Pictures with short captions
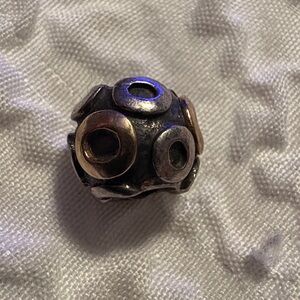 Authentic Pandora Two Tone Spacer Charm Sterling Silver & 14K Gold ALE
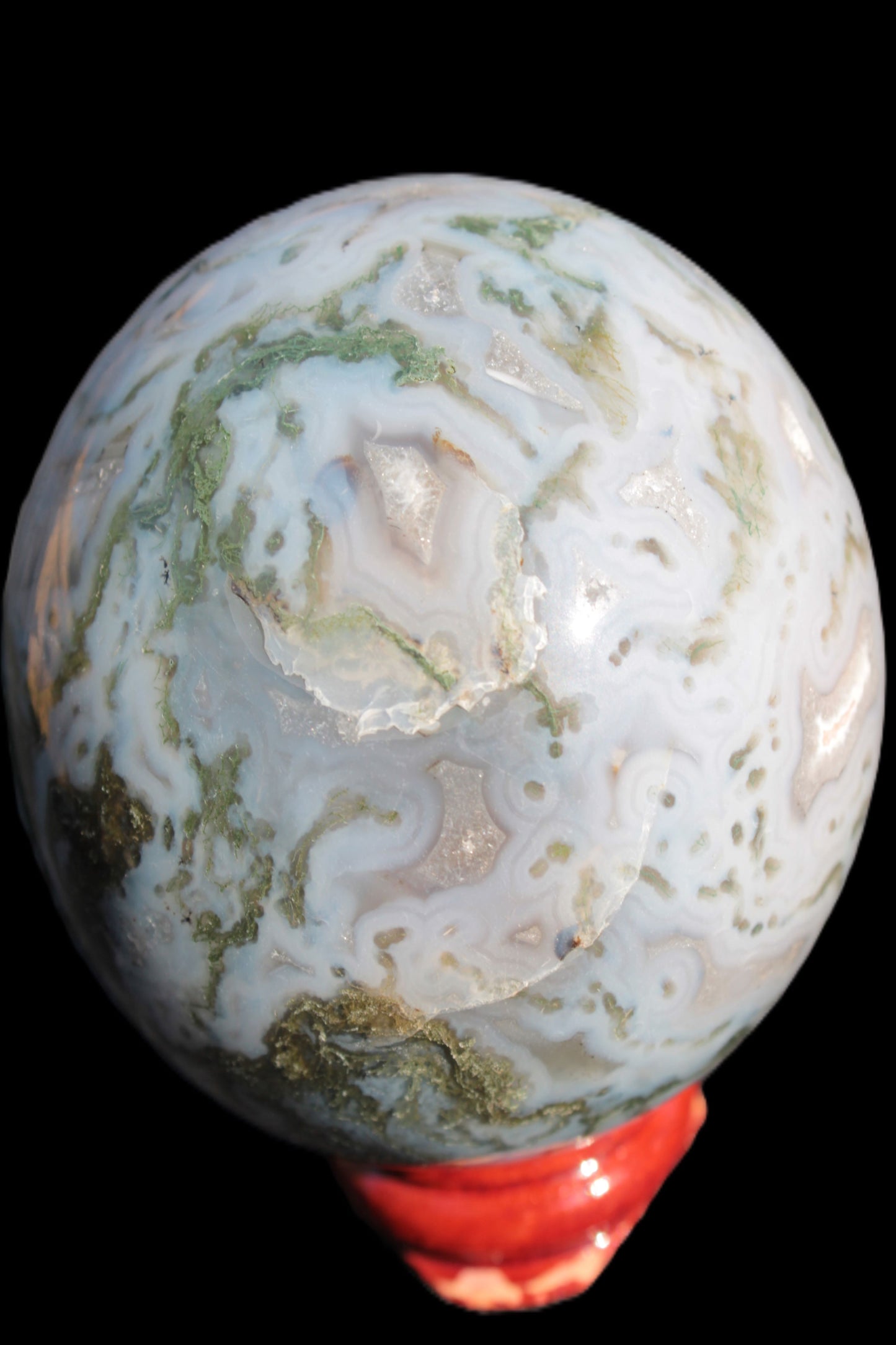 Moss Agate sphere 335g Rocks and Things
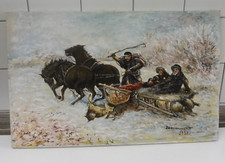 Öl - Bild Gemälde Russische Schlittenfahrt mit Wolfs’ Angriff Signiert 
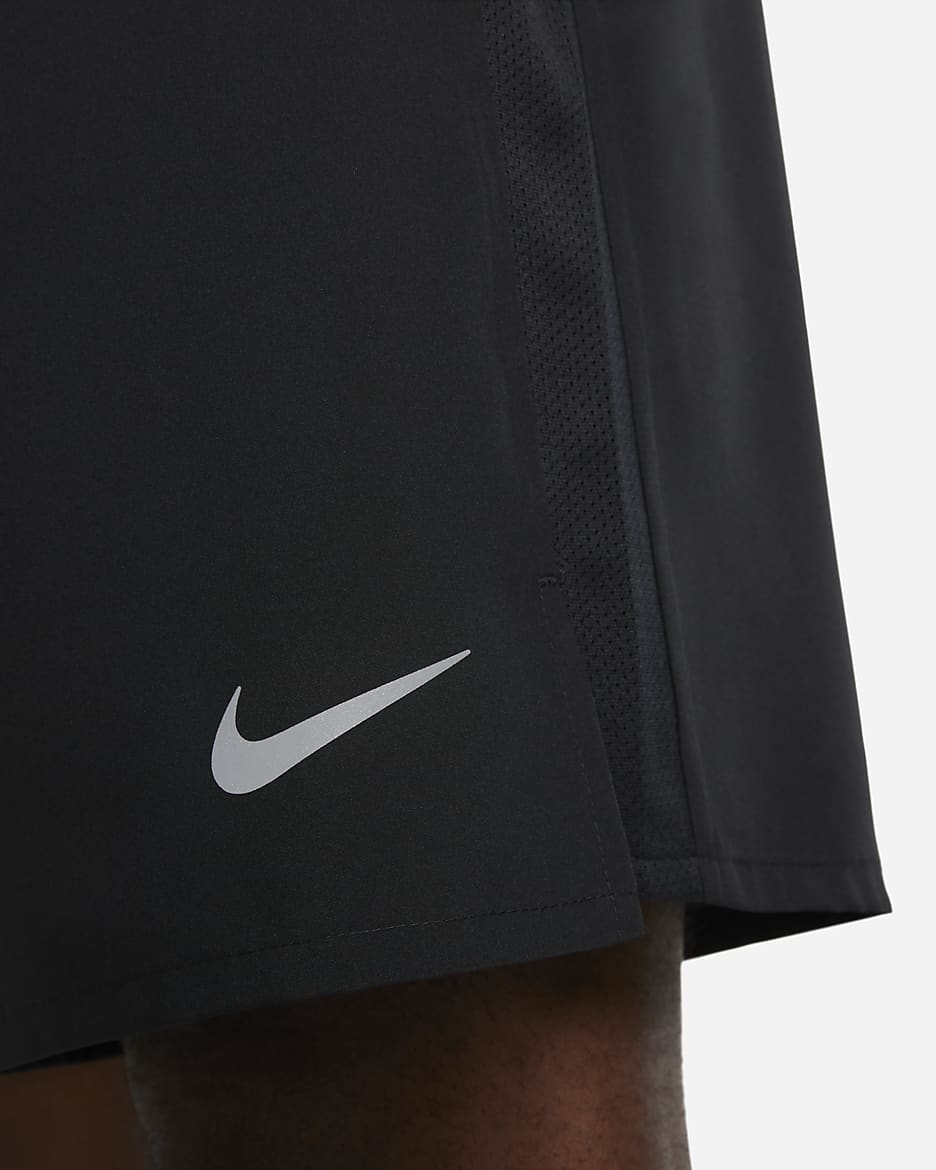 Nike Challenger Men's Dri-FIT 23cm (approx.) Unlined Versatile Shorts - Black/Black/Black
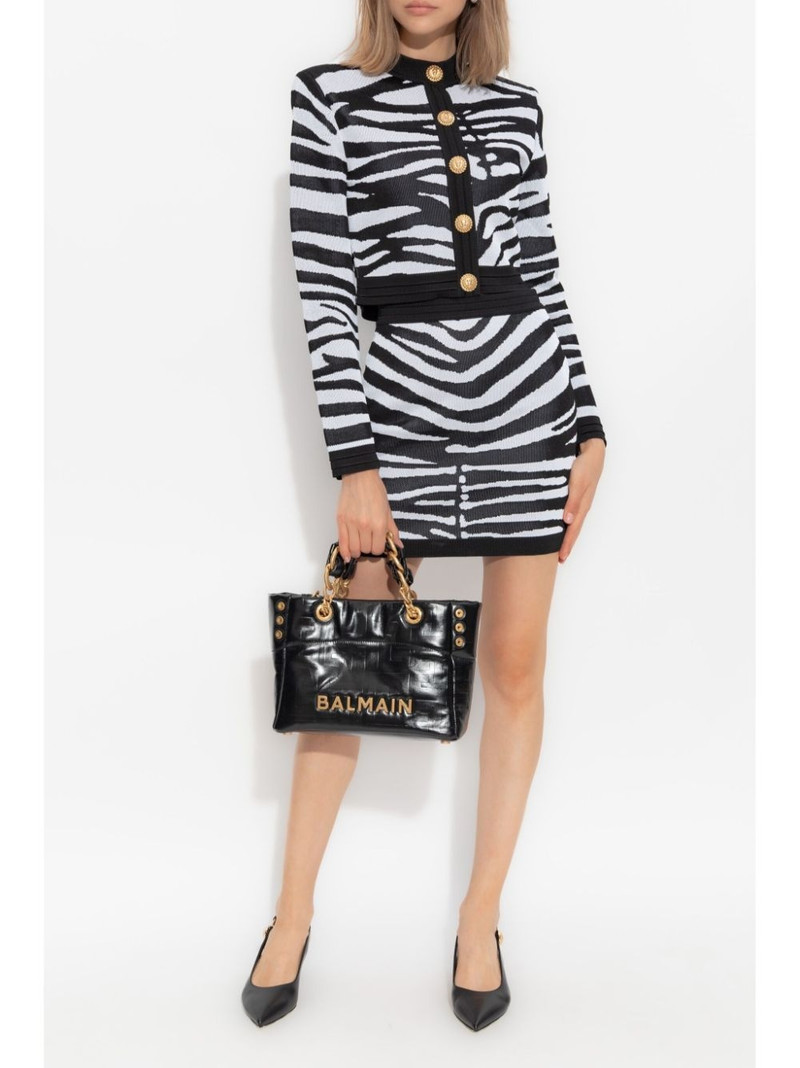 Balmain zebra-print cardigan outlook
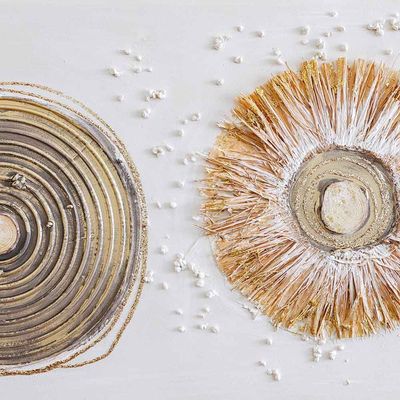 Rabat Vector Circles Abstract Canvas Wall Art - 50x150x3 cm
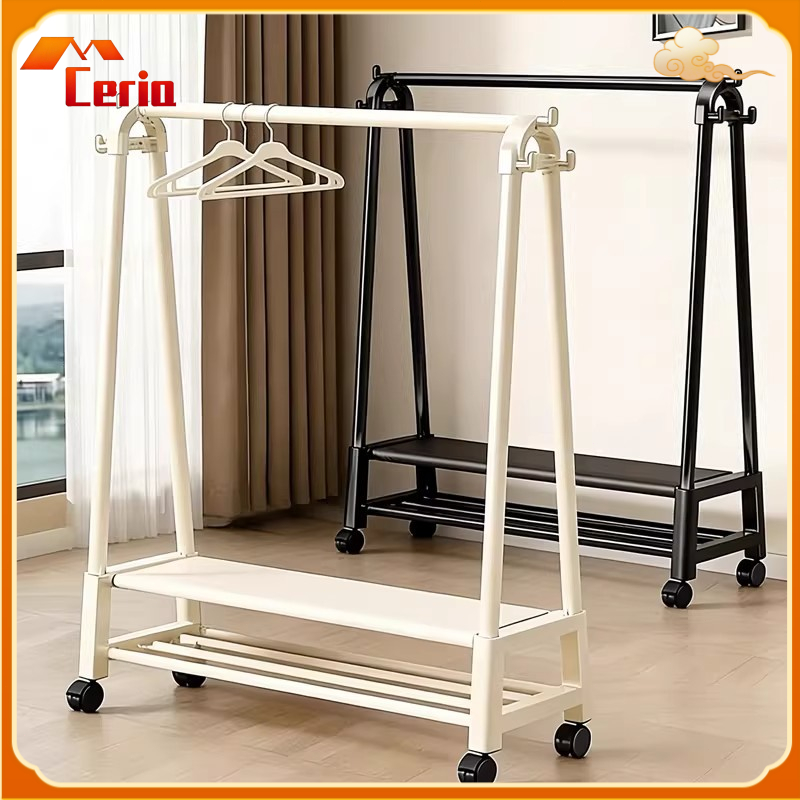 Clothes Rack Standing Bedroom Mobile Drying Rack Home Garment Organizer ...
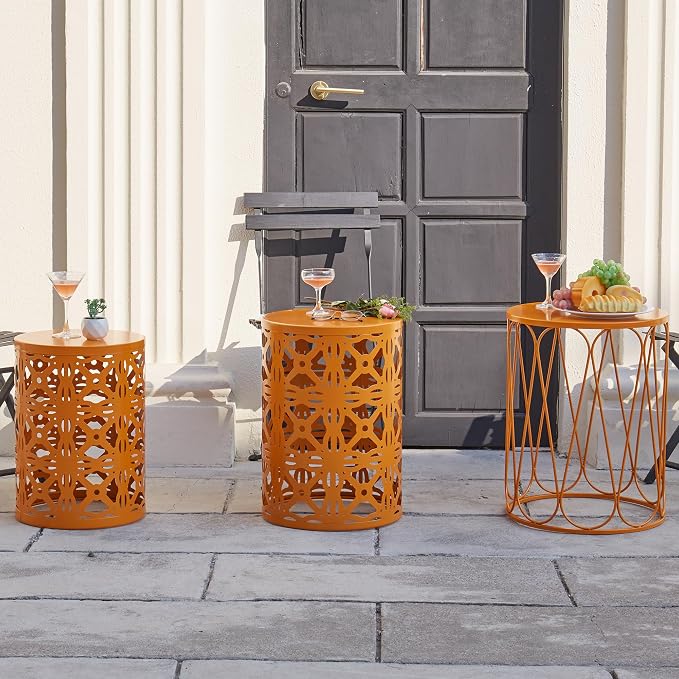 Y&M Outdoor Side Tables Set of 3, Metal Stacking Patio Side Tables for Outside, Round Indoor End Tables, Decorative Garden Stool Plant Stand for Patio Garden Balcony Porch, Orange
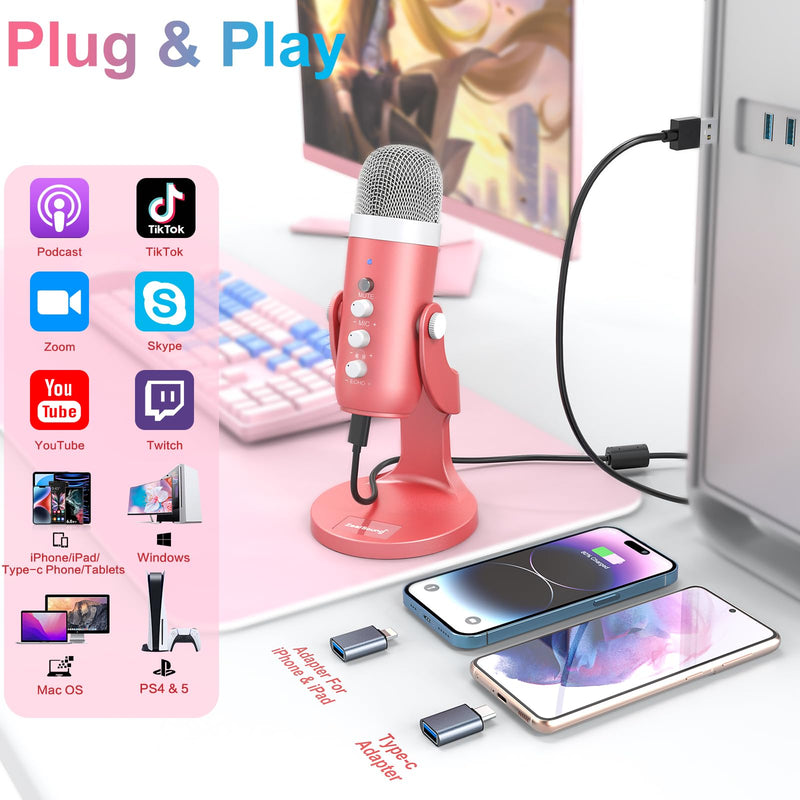 ZealSound USB Microphone,Condenser Computer Mic,Plug&Play Gaming Microphones for PS 4&5.Headphone Output&Volume Control,Mic Gain Control,Mute Button,YouTube Podcast on Mac&Windows Pearlescent Pink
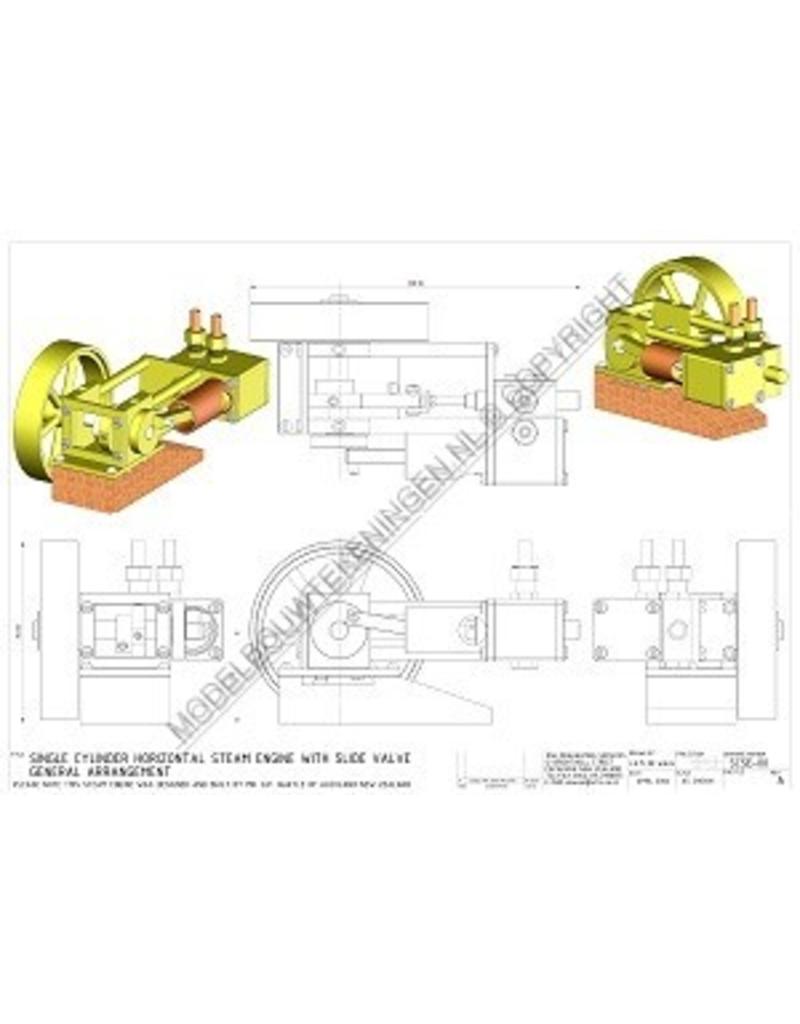 MBT CD-1-Zylinder horizontale Dampfmaschine - Bauzeichnung Maßstab 1 : N/A (60.01.055/A)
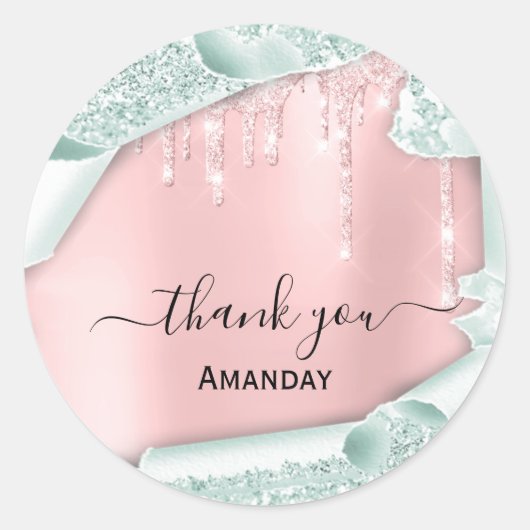 Sticker Rond Douille nuptiale Parties scintillant rose16e menti (Devant)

## What to produce
Where a picture appears, skip it and copy the rest of the data word for word.

## Written answer
 Authentic Pandora Two Tone Spacer Charm Sterling Silver & 14K Gold ALE
 Moss Agate sphere 335g Rocks and Things
 Öl - Bild Gemälde Russische Schlittenfahrt mit Wolfs’ Angriff Signiert 
 Nike Challenger Men's Dri-FIT 23cm (approx.) Unlined Versatile Shorts - Black/Black/Black
 Balmain zebra-print cardigan outlook
 Rabat Vector Circles Abstract Canvas Wall Art - 50x150x3 cm
 Clothes Rack Standing Bedroom Mobile Drying Rack Home Garment Organizer ...
 Y&M Outdoor Side Tables Set of 3, Metal Stacking Patio Side Tables for Outside, Round Indoor End Tables, Decorative Garden Stool Plant Stand for Patio Garden Balcony Porch, Orange
 ZealSound USB Microphone,Condenser Computer Mic,Plug&Play Gaming Microphones for PS 4&5.Headphone Output&Volume Control,Mic Gain Control,Mute Button,YouTube Podcast on Mac&Windows Pearlescent Pink
 MBT CD-1-Zylinder horizontale Dampfmaschine - Bauzeichnung Maßstab 1 : N/A (60.01.055/A)
 Sticker Rond Douille nuptiale Parties scintillant rose16e menti (Devant)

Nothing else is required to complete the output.